During my recent Ph.D. dissertation defense, an old-school field ecologist complained that he didn't believe how my plotted raw data (repeated-measures of individuals--with unbalanced data--which were plotted for convenience only using connected lines) ended up showing a strong effect when modeled using a generalized additive mixed-effect model. My rather snarky response involved something about the ability of people to take plotted raw data and do complex math in their heads. OK, my poor form aside, I made the point then--and I'm making it now--that most complex data (data with structure, such as within-level replicates, etc.) shouldn't be plotted outright. This leads us to the problem you noticed. There are easy ways of taking non-normal distributions (other than log-transforming them outright) such as GLMMs and GLMs that allow you to specify the kinds of distribution of your response data. So, in order to generate good confidence intervals, all you need to do is run intercept-only models (i.e. no fixed effects), and you'll end up with good estimates for your distribution. For plotting purposes, I often simulate values from this distribution so I then can generate a boxplot.

Anyway, we can discuss this more.
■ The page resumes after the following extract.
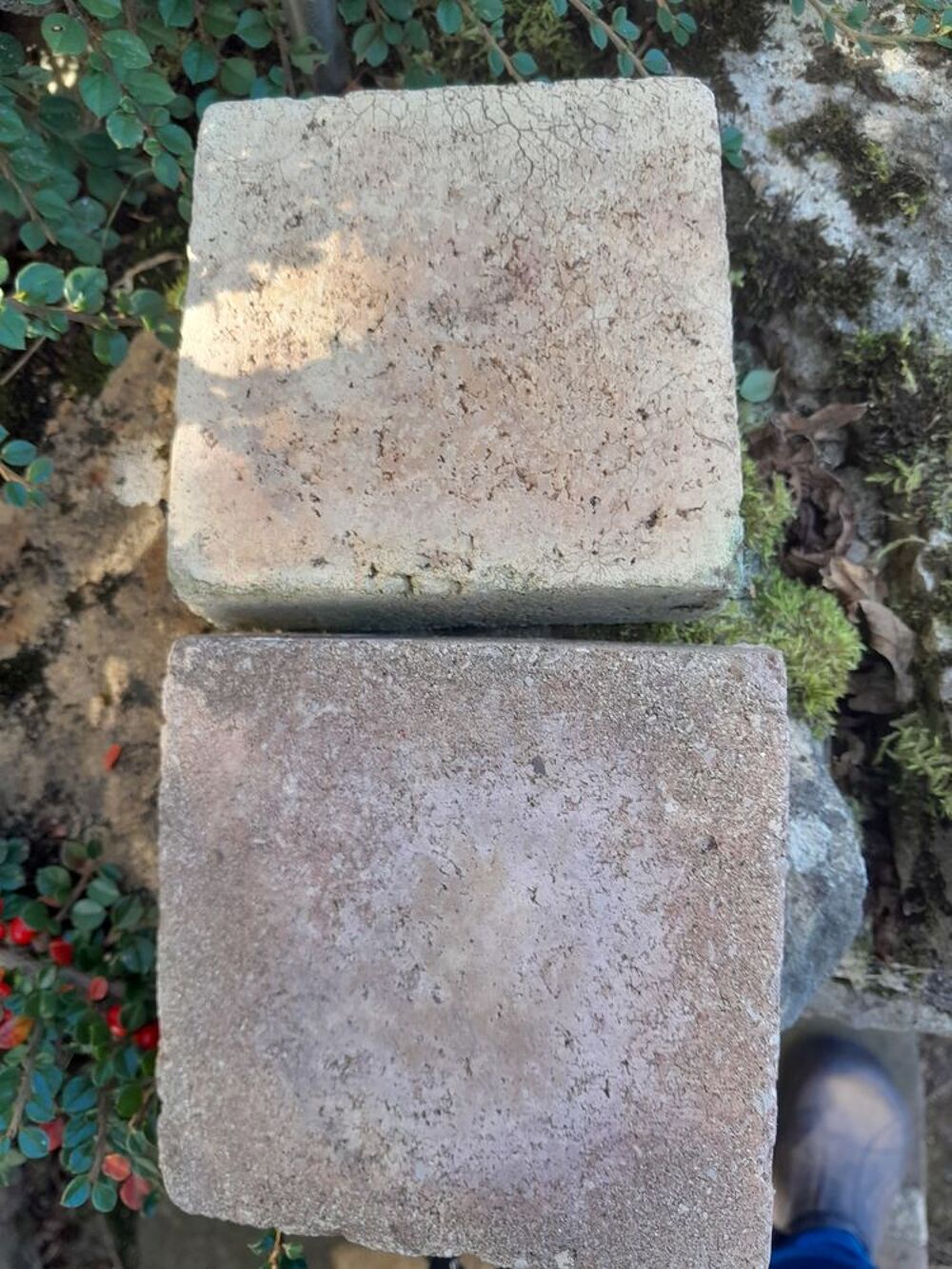 PAVES POUR COUR OU ALLEES Bricolage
Unless your data are very clean (not a usual feature of natural systems), plotting raw data is often misleading. Model the data, get the output and visualize from simulations. Anyway, you nailed this issue on the head.


TS Contributor
Just in case...others here will likely have other suggestions about how to deal with such confidence interval estimation. It's an important issue, considering that simple description of the distribution of data is of critical importance.
Suppose that the data are Poisson distributed.

I agree that this is a common problem and not only in the journals that jpkelley is referring to.

If I understand jpkelley, one method would be to estimate a model for November with an intercept only.

But suppose if the model is a second or third order polynomial for the five months November through March so that the curve looks like an upside down U (just like the graph attached above).

How to calculate a confidence interval for November in that case (based on the Poisson distribution)?

Is it anybody who has got some suggestions?